Work order
Lines to return, exactly: from the line with "cam1_2023-09-04_06-00.jpg" to the line with "Tappo Mulching x 84cm MP" in the entries below, both included.

Data supplied
>>
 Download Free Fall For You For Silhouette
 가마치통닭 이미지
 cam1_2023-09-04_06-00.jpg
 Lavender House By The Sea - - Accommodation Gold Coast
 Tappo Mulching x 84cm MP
<<
>>
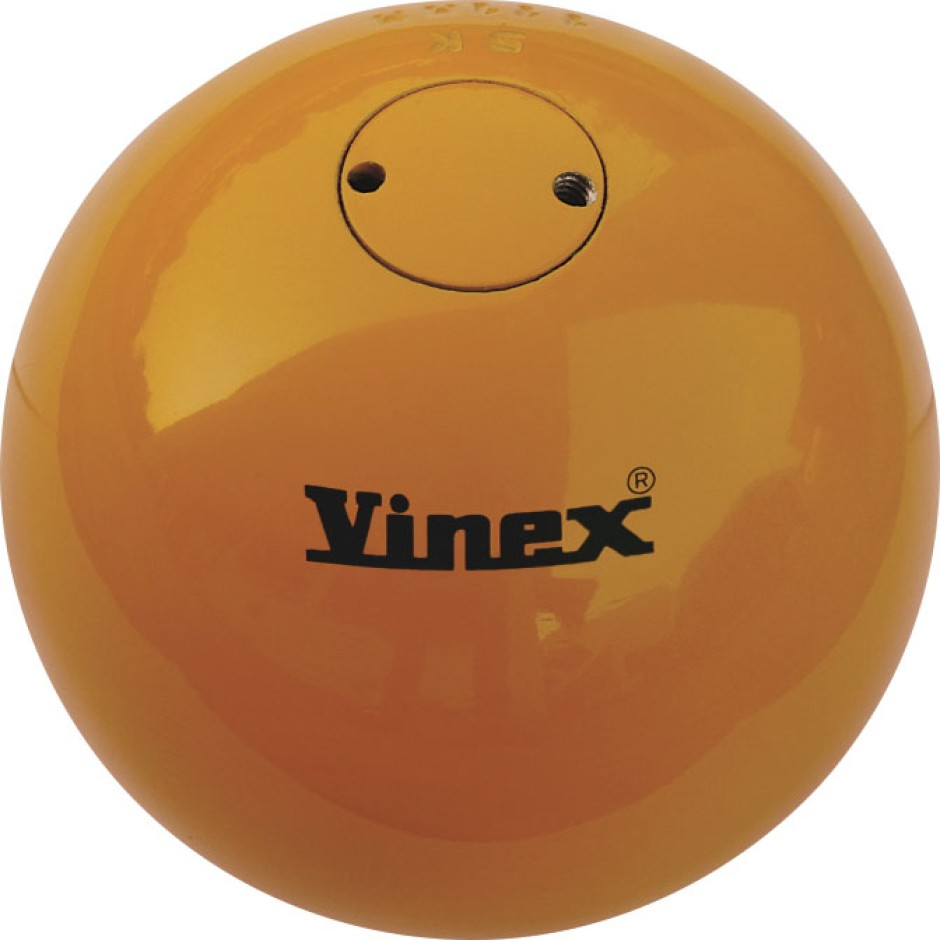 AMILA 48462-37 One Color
<<
>>
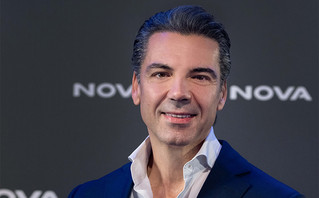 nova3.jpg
<<
Answer
 cam1_2023-09-04_06-00.jpg
 Lavender House By The Sea - - Accommodation Gold Coast
 Tappo Mulching x 84cm MP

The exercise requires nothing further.